BREITBART.COM - Iraqis Riveted by Televised Saddam Trial

BREITBART.COM - Just The News - Iraqis Riveted by Televised Saddam Trial: "

Associated Press Writers


The moment Saddam Hussein appeared, a Shiite housewife spat on the screen and then sat gnawing her fingers, seething, as her family crowded around the television. When the judge addressed the ousted dictator as 'Mr. Saddam,' she burst: 'The beast Saddam, you mean!'

Across the Tigris River in the mostly Sunni Arab district of Azamiyah, some Iraqis were also riveted to their sets. Namir Sharif, a 46-year- old former army officer, was on the verge of tears of pride as a defiant Saddam argued with the judge.

'He turned the trial upside down, this is a heroic act,' Sharif said.

Some Iraqis watched with visceral hatred or fear, some with joy, others with bitterness or even nostalgia. But above all they watched enthralled, unable to remove their eyes from the image of their once all-powerful leader reduced to a defendant on trial Wednesday.

Nowhere was the contrast in reaction more stark than between Azamiyah and the Shiite district of Kazimiyah, just on the other side of the river.

One thing united them: Baghdad's fragile power grid, always rickety but even worse since a major insurgent attack Friday knocked out almost the entire system. Workers were still trying to get it back up to speed, and power blinked in and out several times in the two neighborhoods while the trial was being televised.

Shiite housewife Sabiha Hassan's entire family leaped up and rushed to their private generator when the screen went dead half an hour into the trial. 'Thank God, I brought extra fuel today just for the occasion,' said her husband, Salman Zaboun Shanan, as he filled the generator's tank.

Otherwise, the couple and their two sons didn't move from the concrete floor where they sat within a yard of the screen for the length of the three-hour session.
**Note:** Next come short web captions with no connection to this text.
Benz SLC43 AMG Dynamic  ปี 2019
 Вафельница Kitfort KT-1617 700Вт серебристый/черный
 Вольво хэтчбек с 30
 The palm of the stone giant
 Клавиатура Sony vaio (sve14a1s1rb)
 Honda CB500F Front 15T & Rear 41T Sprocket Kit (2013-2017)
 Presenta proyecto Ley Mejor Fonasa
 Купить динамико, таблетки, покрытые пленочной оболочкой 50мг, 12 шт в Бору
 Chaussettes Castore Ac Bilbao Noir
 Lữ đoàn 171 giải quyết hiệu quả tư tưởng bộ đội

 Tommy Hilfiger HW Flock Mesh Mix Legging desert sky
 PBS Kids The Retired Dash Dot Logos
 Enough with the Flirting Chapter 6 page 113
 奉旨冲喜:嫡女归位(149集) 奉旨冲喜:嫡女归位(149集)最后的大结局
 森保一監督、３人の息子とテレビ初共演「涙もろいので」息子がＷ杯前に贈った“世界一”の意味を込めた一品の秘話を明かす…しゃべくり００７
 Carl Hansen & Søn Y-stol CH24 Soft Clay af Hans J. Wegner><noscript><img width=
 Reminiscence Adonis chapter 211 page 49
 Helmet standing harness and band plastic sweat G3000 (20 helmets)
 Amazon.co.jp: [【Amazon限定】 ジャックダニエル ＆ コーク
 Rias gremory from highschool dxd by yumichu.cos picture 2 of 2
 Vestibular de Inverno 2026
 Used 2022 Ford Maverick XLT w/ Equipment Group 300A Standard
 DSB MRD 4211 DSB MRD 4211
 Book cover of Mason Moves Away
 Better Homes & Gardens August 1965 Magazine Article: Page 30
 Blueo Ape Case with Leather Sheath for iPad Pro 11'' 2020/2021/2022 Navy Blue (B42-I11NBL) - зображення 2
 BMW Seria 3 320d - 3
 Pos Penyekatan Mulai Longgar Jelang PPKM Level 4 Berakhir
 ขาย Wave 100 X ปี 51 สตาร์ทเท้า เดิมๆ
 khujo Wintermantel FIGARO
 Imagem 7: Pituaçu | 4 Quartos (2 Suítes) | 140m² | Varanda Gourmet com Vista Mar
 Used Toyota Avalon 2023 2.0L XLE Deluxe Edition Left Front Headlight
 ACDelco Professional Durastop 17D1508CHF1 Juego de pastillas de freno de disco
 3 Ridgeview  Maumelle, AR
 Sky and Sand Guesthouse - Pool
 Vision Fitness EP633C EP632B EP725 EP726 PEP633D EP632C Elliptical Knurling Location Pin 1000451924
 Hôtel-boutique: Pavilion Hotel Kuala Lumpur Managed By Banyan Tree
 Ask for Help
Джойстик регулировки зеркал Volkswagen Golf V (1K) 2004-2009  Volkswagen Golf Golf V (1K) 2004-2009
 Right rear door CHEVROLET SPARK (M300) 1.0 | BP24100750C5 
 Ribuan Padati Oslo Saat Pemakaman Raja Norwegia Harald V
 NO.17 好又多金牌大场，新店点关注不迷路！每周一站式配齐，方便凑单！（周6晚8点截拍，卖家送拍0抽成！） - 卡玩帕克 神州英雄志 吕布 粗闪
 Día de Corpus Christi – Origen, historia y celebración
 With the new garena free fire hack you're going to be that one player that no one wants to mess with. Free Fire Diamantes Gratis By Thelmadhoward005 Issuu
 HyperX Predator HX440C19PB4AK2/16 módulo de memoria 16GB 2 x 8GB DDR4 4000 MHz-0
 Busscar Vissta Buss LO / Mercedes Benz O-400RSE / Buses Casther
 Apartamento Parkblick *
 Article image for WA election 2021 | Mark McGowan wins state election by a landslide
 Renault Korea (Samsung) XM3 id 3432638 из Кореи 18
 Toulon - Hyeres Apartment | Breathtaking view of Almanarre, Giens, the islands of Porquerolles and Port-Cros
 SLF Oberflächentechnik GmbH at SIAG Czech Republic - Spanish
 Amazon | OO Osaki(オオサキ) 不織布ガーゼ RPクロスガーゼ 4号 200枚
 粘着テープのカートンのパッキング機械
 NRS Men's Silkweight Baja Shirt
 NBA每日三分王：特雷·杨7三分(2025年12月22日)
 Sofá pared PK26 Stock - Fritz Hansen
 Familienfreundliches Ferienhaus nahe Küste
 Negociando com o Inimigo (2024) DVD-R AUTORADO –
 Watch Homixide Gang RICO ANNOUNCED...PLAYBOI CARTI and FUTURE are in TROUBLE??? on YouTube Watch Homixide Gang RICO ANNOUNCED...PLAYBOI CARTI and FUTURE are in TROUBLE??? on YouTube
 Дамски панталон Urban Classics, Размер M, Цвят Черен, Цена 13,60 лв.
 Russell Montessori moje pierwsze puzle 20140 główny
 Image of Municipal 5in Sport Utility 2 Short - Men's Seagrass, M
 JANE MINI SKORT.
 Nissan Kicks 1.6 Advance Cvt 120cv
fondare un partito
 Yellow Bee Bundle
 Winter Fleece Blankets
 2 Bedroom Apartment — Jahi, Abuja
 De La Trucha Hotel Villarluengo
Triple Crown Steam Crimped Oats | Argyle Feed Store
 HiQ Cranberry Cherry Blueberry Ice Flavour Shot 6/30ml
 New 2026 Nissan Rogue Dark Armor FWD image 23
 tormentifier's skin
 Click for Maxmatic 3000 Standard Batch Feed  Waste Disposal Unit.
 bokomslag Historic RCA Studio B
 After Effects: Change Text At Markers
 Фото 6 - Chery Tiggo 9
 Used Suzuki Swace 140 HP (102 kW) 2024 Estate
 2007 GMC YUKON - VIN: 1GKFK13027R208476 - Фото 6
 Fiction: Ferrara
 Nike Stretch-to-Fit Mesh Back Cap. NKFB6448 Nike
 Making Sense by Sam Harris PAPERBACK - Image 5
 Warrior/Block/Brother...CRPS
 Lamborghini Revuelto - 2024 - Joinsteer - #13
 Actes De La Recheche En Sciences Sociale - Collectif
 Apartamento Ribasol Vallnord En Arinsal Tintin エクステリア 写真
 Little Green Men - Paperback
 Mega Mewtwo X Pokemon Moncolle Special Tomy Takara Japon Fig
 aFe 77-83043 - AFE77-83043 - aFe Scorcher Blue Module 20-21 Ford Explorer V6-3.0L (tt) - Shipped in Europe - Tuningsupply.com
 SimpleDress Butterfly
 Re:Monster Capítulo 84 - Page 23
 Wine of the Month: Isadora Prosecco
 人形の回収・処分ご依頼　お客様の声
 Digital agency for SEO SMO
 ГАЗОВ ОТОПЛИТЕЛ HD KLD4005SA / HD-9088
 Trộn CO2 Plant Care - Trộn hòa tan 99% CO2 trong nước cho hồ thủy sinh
Shanan, a construction worker, stayed home from work to watch. One son, Hadi, a cleric, missed a seminary exam.

Hassan's brother was executed by Saddam's regime, and she, her husband and five of their sons spent time in Saddam's prisons. They kept up a running commentary on the trial. 'May God break his legs to pieces,' Hassan, in a black robe and veil, said when Saddam stood at one point.

'Iraq's soil has its pride. It won't accept Saddam's body once they execute him. I hope they throw his body to the dogs, not bury it,' said Shanan, slapping his fist into his palm nervously."